Ausstellung „energie.wenden“

Ich bin im Museum, am Sonntag. Eigentlich sollte man an Sonntagen nicht ins Museum, weil es da viel zu voll ist – aber durch die vielen Personen, hat man auch eine tolle Möglichkeit zu beobachten.

Es scheint 4 Typen von Menschen in Museen am Sonntag zu geben.

1. Familien, die um die Bildung der Kinder zu fördern und gleichzeitig größere Schäden im Haushalt zu vermeiden, einfach Mal ins Museum gehen. Nun, dieser Gruppe geht am besten aus dem Weg indem man unter der Woche geht.

2. Pärchen, meist unauffällig und ganz niedlich anzusehen. Muss man nicht meiden.

3. Singles, unauffällig und meist darauf bedacht sich weit weg von den beiden erstgenannten Gruppen zu bewegen.

4. Museumsbesucher mit Dauerkarte, sind fast schon Teil des Inventars, können Fragen zu Gegenständen aus Dauerausstellung beantworten, trifft man im Museumscafé.

Interessant ist ein Besuch im „Deutschen Museum“ in München alle Mal.
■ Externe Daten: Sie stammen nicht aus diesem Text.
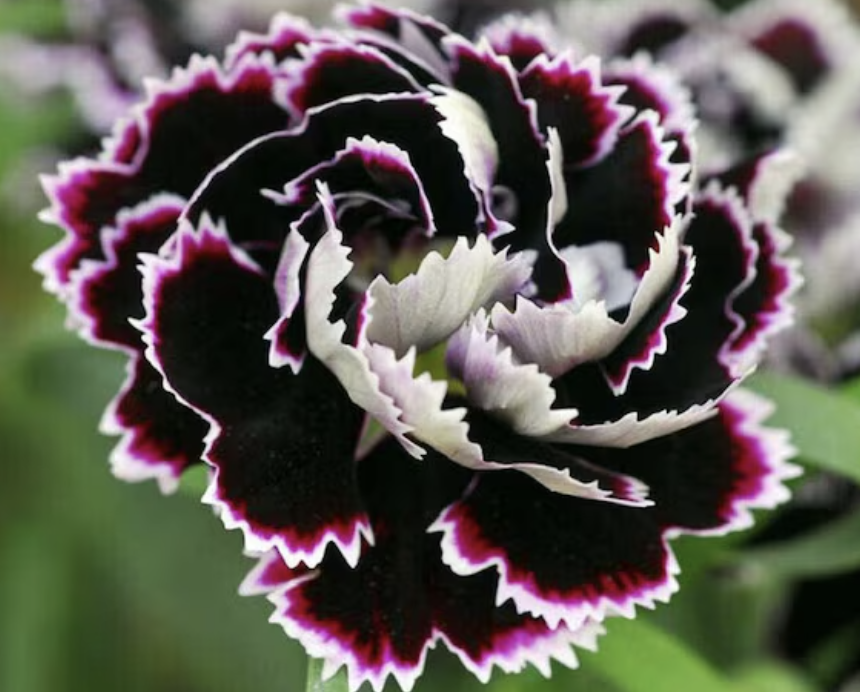 Dianthus - Black & white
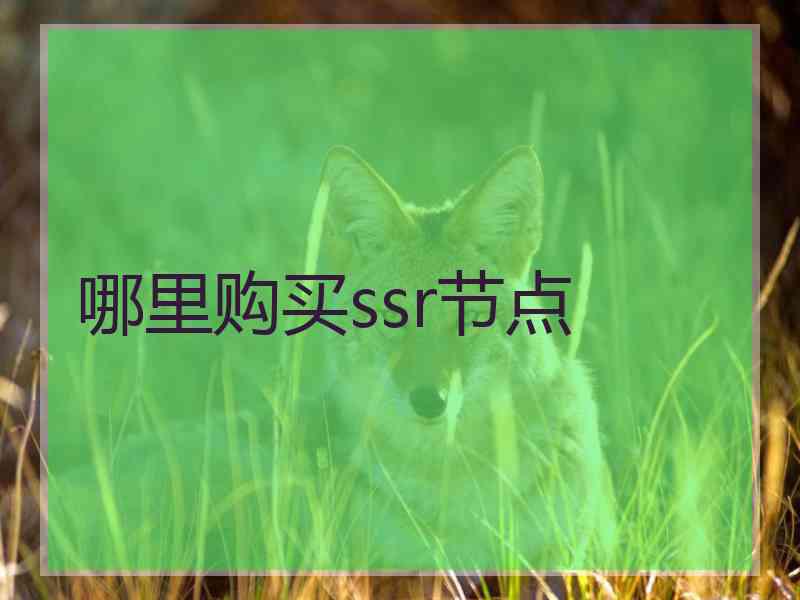 哪里购买ssr节点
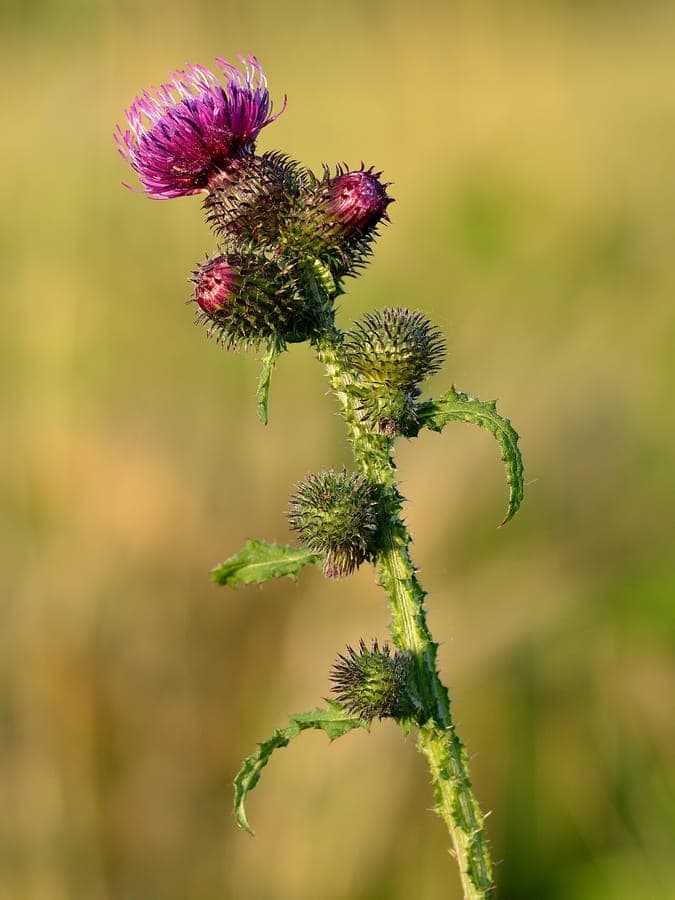 Purple thistle head of Carduus crispus with curled wavy leaves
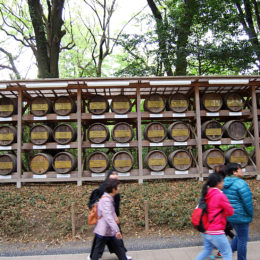 Yoyogi Park, Tokyo Japan | Photography by Jenny S.W. Lee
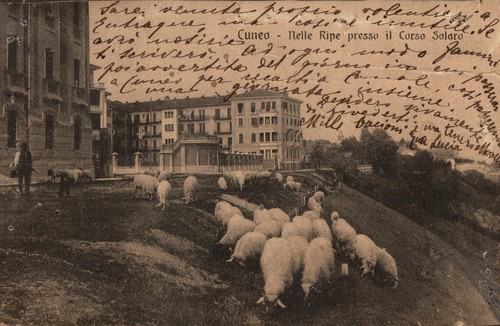 Cuneo città pecore gregge - cuneo,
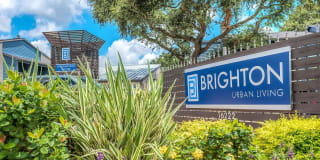 The Brighton Gallery 2
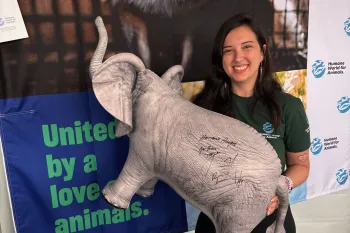 Hawthorn Heights autographed elephant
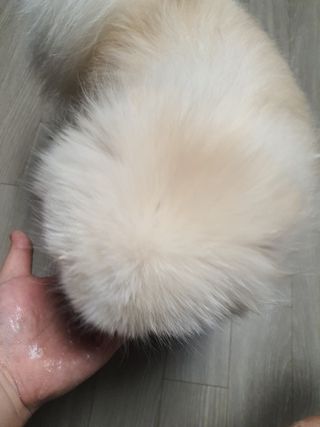 My Pet Care 모발과 모질 피부건강에 개좋아 — 5점을 준 리뷰어가 2021년 3월 올린 사용 사진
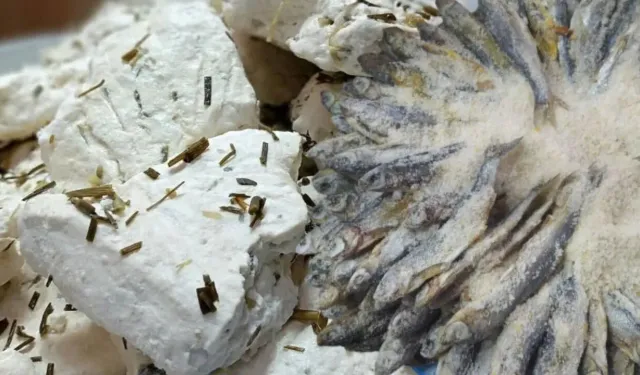 Van’da otlu peynir ve tuzlu balık tüketenler dikkat! Başhekim Sarıkaya Uyardı…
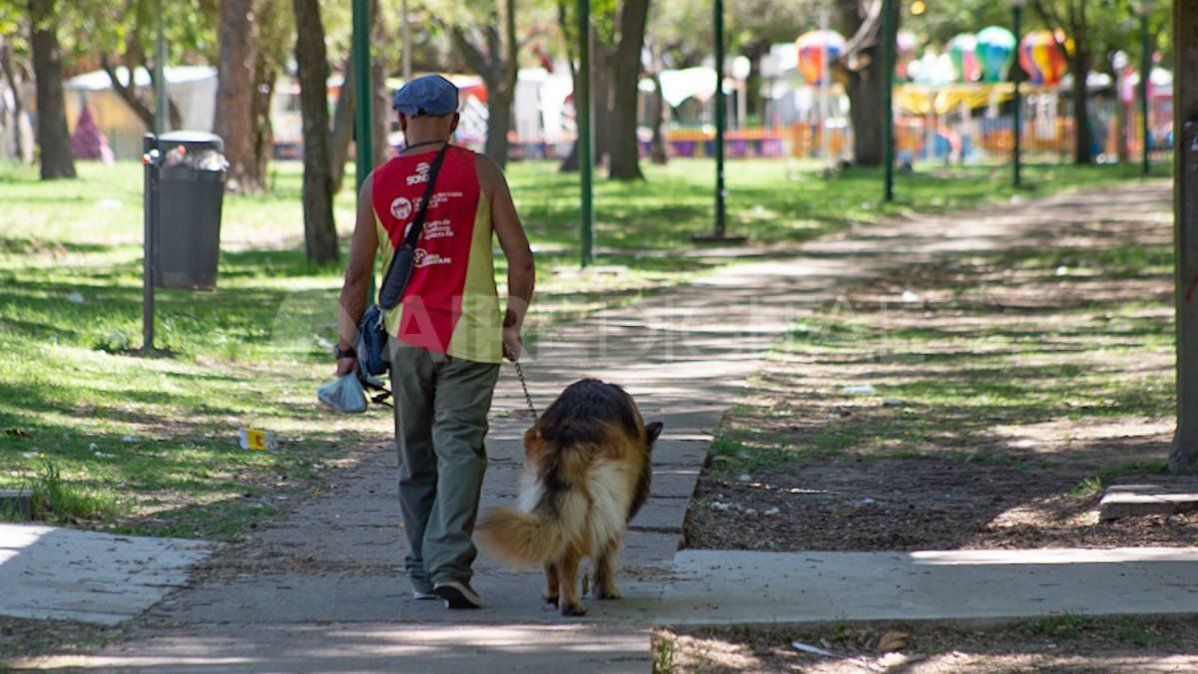A los miembros de las asociaciones de animales les asombra la cantidad de adopciones de adultos que hubo durante la pandemia.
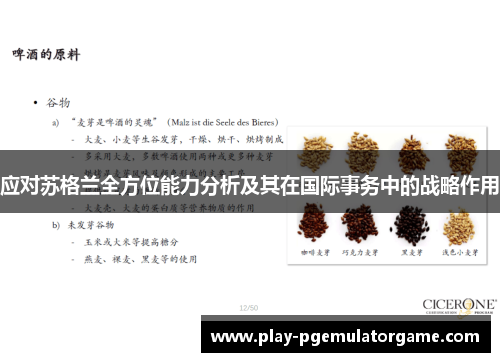 应对苏格兰全方位能力分析及其在国际事务中的战略作用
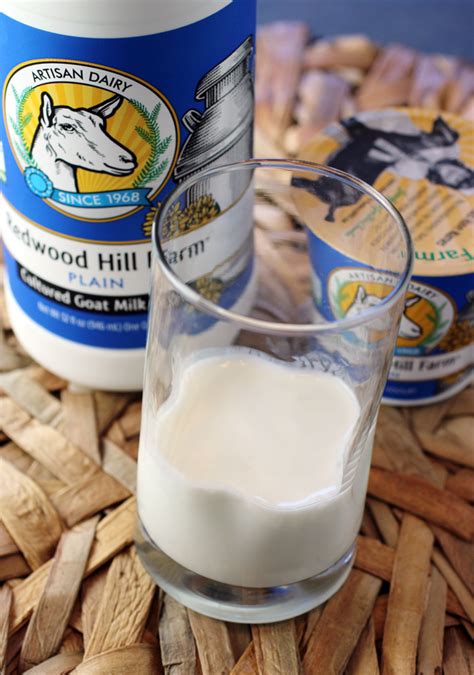 goat milk yogurt | Food Gal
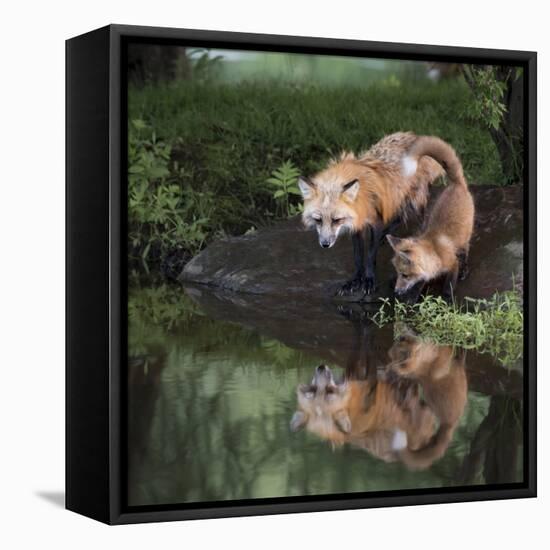 USA, Minnesota, Sandstone. Red fox and kit reflected in water's edge.-Wendy Kaveney-Framed Premier Image Canvas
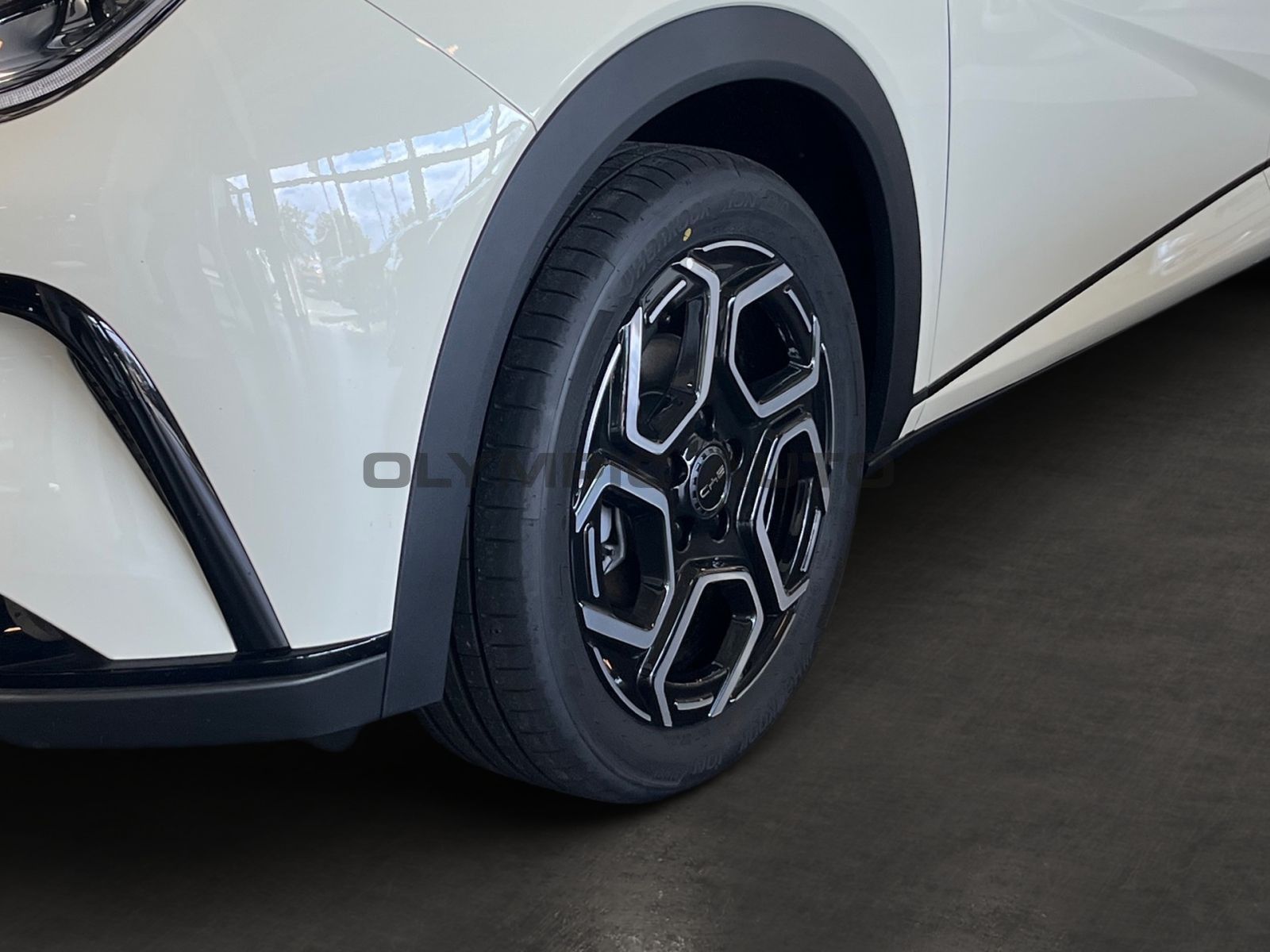 BYD Dolphin Design 60kWh SITZHZG PANORAMA 360°KAMERA foto 6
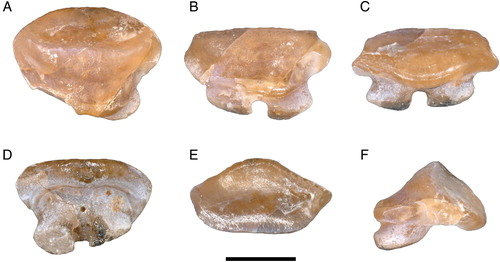 FIGURE 6. A single tooth extracted from the neotype of Arechia crassicaudata (Blainville, Citation1818), MCSNV IG.VR.27607, in A, linguo-occlusal, B, lingual, C, labio-basal, D, basal, E, labial, and F, profile views. Scale bar equals 1 mm.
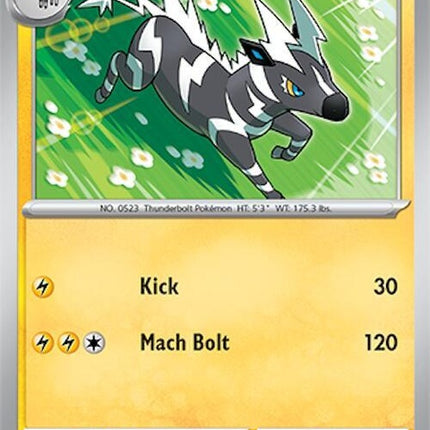 63-zebstrika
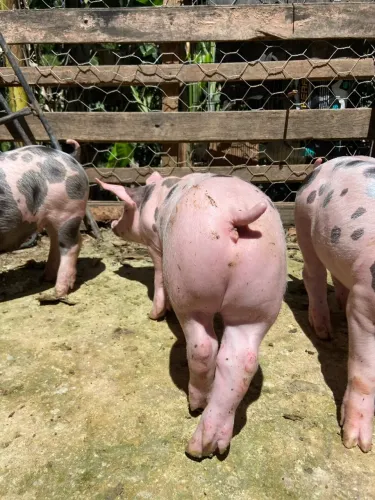  Porco/suino/ leitoes Pietrain 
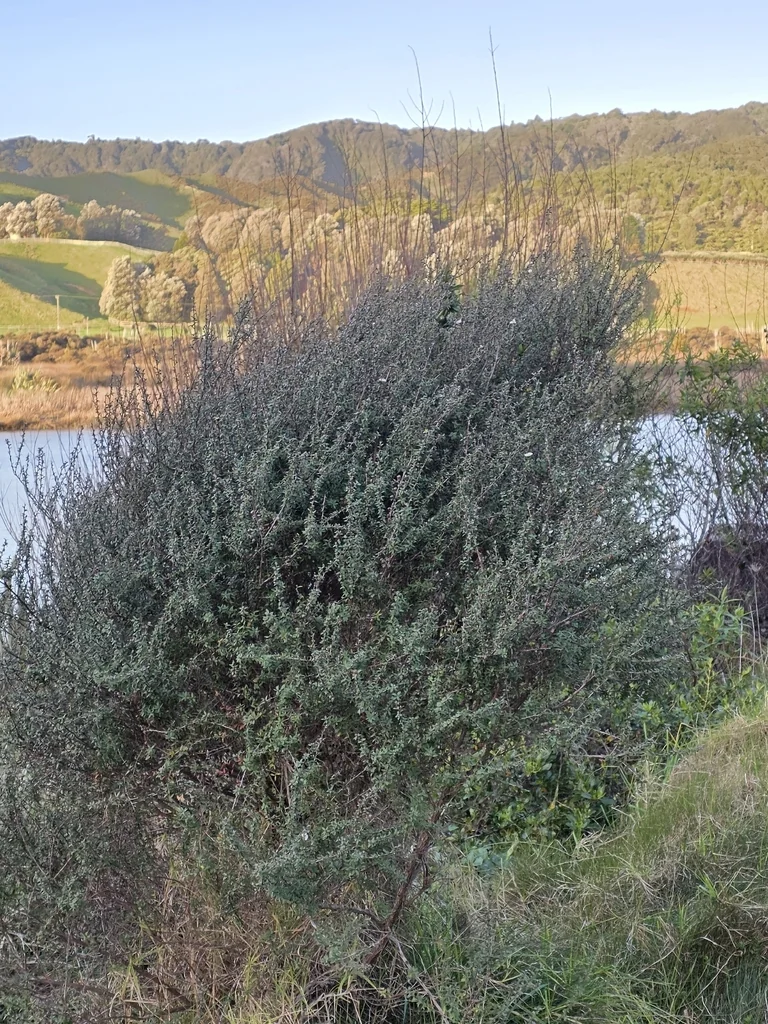 Leptospermum Scoparium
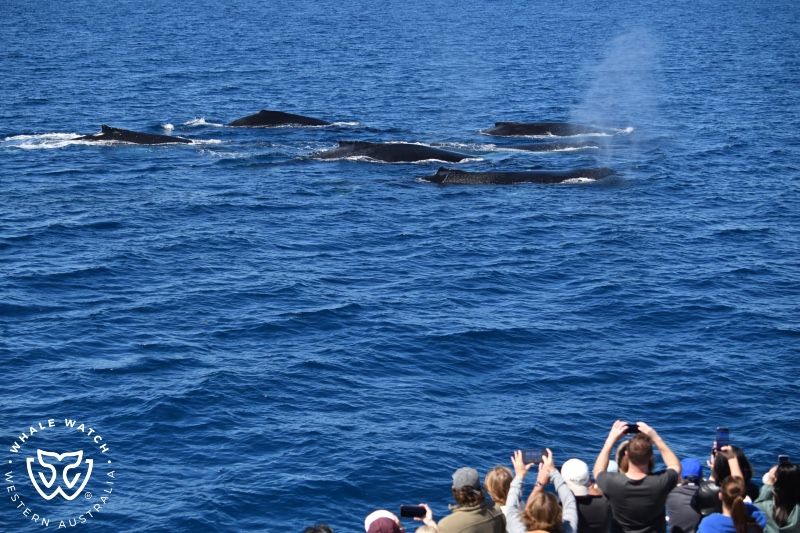 Whale Watch Western Australia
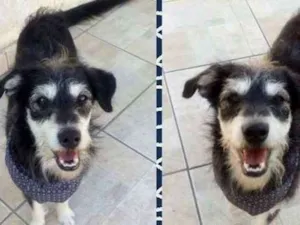 Cachorro raça SRD idade 1 ano nome Pateta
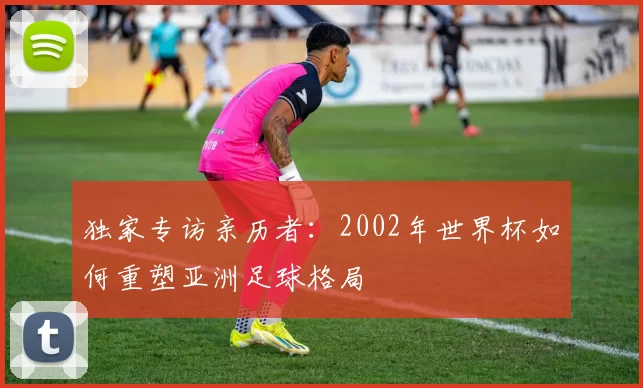 独家专访亲历者：2002年世界杯如何重塑亚洲足球格局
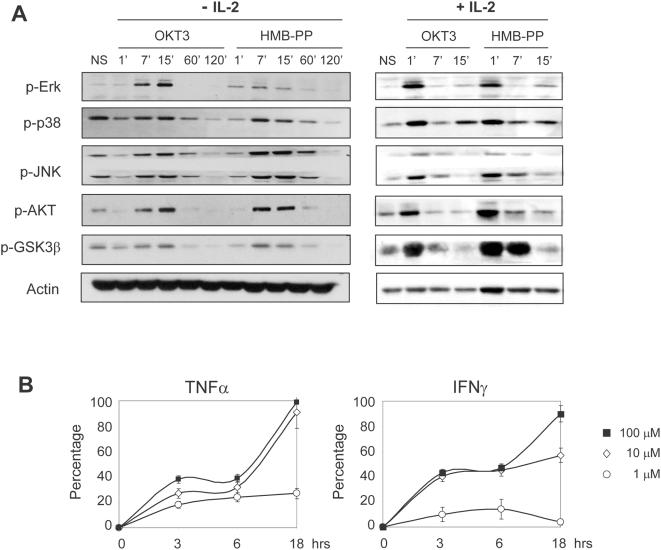 https://cdn.ncbi.nlm.nih.gov/pmc/blobs/7e3e/2682580/2e004f22e722/pone.0005657.g002.jpg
Besonders zu empfehlen ist die aktuelle Ausstellung „Energie.wenden„. Dort gibt es auch immer um 12:00 Uhr und 14:00 Uhr eine Führung. Es werden viele aktuelle Fragen zu erneuerbaren Energien beantwortet und ebenso die Entwicklung der Energiegewinnung dargestellt. Dazu werden viele neue Entwicklungen dargestellt und ausführlich erklärt. Zum Beispiel kann man mehr zur 10-H-Regel für Windkraftanlagen in Bayern erfahren und sehen was das eigentlich bedeutet.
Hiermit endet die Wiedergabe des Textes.